(BMJ)—A 79-yo man presented w/ 4-wk hx of skin changes on both lower extremities. Two prior courses of abx for presumed cellulitis failed to produce clinical improvement. ROS: neg. No meds. Leg exam: bilateral woody edema, w/ R leg larger than L, but calf soft/nontender; perifollicular hemorrhage; corkscrew hairs. Labs: renal panel, LFTs, B12, folate, coag panel all normal. Hgb: 11.7 mg/dL, but normal platelet count. U/S: neg for DVT. What is the dx?
Scurvy
Immune thrombocytopenic purpura
Leukocytoclastic vasculitis
Systemic lupus erythematosus
Vitamin D deficiency
You are correct. The pt had clinical findings suggestive of scurvy (vitamin C deficiency). He lived alone and consumed a diet lacking fruits and vegetables. Low ascorbic acid level was confirmed. Scurvy remains prevalent and is often unrecognized.
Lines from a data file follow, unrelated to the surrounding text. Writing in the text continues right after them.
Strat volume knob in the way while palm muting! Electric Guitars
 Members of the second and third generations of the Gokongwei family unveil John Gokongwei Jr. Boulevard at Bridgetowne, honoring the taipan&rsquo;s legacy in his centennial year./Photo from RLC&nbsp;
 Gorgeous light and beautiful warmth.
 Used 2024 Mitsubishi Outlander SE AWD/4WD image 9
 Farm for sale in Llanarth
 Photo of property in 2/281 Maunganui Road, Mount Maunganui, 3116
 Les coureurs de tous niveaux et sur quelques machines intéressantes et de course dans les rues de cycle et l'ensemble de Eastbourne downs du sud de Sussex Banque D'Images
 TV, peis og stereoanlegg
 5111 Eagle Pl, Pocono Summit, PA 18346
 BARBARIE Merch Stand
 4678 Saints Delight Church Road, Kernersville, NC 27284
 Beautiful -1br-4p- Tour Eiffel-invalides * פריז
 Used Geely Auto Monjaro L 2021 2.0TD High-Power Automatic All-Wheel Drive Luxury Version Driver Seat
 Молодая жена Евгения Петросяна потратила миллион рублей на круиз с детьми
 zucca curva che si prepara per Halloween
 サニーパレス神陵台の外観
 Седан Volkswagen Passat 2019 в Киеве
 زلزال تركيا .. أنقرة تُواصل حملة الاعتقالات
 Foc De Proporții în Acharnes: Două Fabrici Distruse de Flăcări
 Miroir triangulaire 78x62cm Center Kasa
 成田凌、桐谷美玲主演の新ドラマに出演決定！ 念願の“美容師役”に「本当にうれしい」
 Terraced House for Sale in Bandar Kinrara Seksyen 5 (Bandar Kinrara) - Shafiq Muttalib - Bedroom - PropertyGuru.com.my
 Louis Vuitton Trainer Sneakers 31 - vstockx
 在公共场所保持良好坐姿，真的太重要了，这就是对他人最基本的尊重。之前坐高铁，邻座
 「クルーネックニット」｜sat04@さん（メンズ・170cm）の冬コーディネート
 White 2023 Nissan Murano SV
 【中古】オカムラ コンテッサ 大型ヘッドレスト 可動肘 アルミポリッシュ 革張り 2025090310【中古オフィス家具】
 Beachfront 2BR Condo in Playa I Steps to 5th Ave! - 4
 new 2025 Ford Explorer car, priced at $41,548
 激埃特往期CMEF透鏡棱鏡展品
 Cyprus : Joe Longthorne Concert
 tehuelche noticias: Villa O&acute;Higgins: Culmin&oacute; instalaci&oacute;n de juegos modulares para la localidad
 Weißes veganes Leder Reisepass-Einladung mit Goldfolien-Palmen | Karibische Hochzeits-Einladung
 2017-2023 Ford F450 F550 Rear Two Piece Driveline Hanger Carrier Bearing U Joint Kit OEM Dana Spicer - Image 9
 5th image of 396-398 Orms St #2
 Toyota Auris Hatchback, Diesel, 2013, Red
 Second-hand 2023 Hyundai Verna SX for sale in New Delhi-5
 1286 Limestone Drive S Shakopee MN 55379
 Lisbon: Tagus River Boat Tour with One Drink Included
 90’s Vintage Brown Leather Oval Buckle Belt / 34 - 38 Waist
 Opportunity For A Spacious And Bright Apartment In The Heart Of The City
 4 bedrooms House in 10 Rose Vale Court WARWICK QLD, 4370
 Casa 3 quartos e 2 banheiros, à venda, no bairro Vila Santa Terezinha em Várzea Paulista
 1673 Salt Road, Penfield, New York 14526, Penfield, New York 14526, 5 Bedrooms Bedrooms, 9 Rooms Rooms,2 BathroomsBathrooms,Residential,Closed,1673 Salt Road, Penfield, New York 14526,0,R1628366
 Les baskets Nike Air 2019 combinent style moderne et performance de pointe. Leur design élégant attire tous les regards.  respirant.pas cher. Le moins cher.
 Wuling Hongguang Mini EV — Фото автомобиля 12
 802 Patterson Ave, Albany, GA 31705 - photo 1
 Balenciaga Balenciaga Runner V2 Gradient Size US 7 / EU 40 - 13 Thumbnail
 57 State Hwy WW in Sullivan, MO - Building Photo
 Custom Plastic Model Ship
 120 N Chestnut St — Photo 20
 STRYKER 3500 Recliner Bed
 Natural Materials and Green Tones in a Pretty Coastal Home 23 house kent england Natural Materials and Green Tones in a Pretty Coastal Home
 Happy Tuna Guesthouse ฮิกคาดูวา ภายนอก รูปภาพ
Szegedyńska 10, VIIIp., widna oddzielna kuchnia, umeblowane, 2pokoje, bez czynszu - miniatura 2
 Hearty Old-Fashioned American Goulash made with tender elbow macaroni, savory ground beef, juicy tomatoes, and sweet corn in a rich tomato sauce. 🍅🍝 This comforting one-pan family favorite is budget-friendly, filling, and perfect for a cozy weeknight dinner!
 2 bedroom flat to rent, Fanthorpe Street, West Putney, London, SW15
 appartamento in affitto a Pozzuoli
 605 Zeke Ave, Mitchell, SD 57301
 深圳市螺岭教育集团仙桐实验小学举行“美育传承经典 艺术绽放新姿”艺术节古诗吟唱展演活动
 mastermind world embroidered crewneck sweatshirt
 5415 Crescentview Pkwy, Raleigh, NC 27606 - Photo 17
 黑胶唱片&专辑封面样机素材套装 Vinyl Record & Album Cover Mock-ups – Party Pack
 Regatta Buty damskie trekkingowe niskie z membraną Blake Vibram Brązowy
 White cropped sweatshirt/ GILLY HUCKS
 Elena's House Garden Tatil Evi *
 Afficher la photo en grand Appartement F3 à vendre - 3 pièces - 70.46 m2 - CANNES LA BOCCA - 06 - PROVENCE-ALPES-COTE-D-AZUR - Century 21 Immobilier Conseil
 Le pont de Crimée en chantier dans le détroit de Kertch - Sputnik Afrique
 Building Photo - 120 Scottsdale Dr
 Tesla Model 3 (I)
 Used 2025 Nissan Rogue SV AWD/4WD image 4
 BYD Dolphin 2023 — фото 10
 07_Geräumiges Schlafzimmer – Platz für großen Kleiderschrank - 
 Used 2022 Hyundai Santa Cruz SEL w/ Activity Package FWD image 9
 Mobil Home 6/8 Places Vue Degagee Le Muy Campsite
In a U.S. study of civilians, 7.1% of the population had vitamin C deficiency. At-risk groups include the socially isolated and elderly, pts w/ alcohol dependency, some psychiatric pts, dialysis pts, and those who avoid acidic foods due to GI disturbance. Lower socioeconomic status, male sex, smoking, and obesity are also assoc w/ increased risk of deficiency. The pt was started on oral ascorbic acid, seen by a dietitian, and discharged w/ plans for community dietitian f/u. Resolution of fatigue and skin changes occurred w/in 4wk. At 6wk, his Hgb level had normalized.